The HS Analysis software can help medical professionals diagnose disorders by examining high-resolution images of tissues and organs. And as the program generates data describing the patient’s current condition, it will assist doctors in selecting appropriate therapies, some examples of treatments will be discussed later in this blog.
The images below show the UI of HS Analysis KIT, in which the project name, tool bar and tabs, etc… can be seen.
Within the regions of interest, drawings with manual user annotations are made. After studying the annotations, the deep learning model applies them to several, larger regions of interest. The individual cell is annotated with respect to its type for example, the following images display that the Blood cells can be seen with Yellow, the healthy cells are distinguished by red whereas the un-healthy ones are Green. Their classes will be explained later on.
Neutrophil Extracellular Traps (NETs) are specialized cells of the immune system, specifically neutrophil granulocytes, that play a crucial role in immune defense. NETs are networks of DNA threads filled with antimicrobial proteins and cellular components. They are released by neutrophil granulocytes to capture and combat pathogens.

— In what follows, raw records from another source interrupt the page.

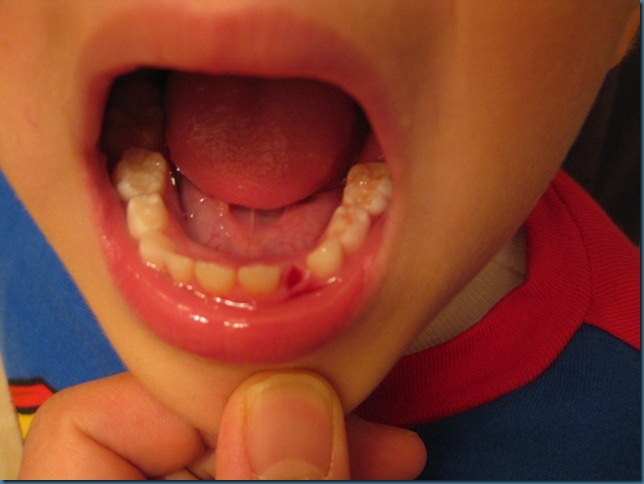 missing_tooth1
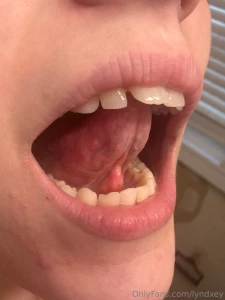 If you look close enough you can see where i split the tissue under my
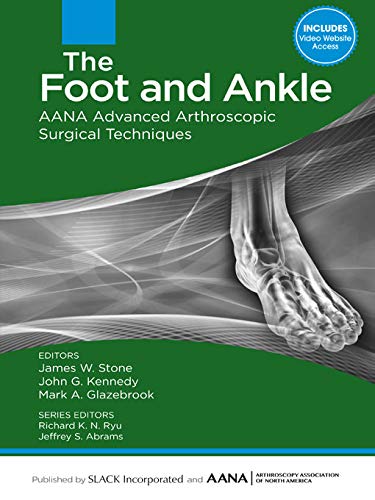 Techniques chirurgicales arthroscopiques avancées AANA du pied et de la cheville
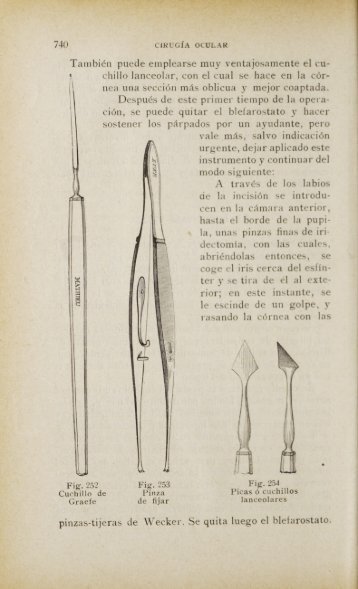 pinzas-tijeras de Wecker. Se quita luego el blefarostato.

Upon activation of neutrophil granulocytes, such as in response to infection or inflammation, NETs are released. The neutrophil granulocytes unwind and extrude their chromosomal DNA material, releasing antimicrobial proteins that can kill bacteria, fungi, and other pathogens. The NETs form a network that captures the pathogens and prevents their further spread.
While NETs have an important function in defending against infections, they can also contribute to certain immune-mediated diseases. If NETs are excessively activated or not efficiently cleared, they can lead to an exaggerated inflammatory response and damage the surrounding tissue. NETs have been associated with various conditions, including autoimmune diseases, vascular disorders, and other inflammatory states.
Research into NETs and their role in immune defense and disease processes is an active area of medical research. Targeted modulation of NETs could potentially offer new approaches for the treatment of infections and immune-mediated disorders.
Pseudo-Gaucher cells, also known as pseudo-Gaucher macrophages or pseudo-Gaucher cells, are a type of cells observed in certain medical conditions that resemble the appearance of cells seen in Gaucher disease. However, unlike true Gaucher cells, pseudo-Gaucher cells do not represent the accumulation of glucocerebroside, which is characteristic of Gaucher disease.
Pseudo-Gaucher cells are typically macrophages that contain lipid-laden vacuoles, giving them a similar „wrinkled tissue paper“ or „crumpled silk“ appearance as seen in Gaucher cells. These cells can be identified through microscopic examination of affected tissues or fluid samples.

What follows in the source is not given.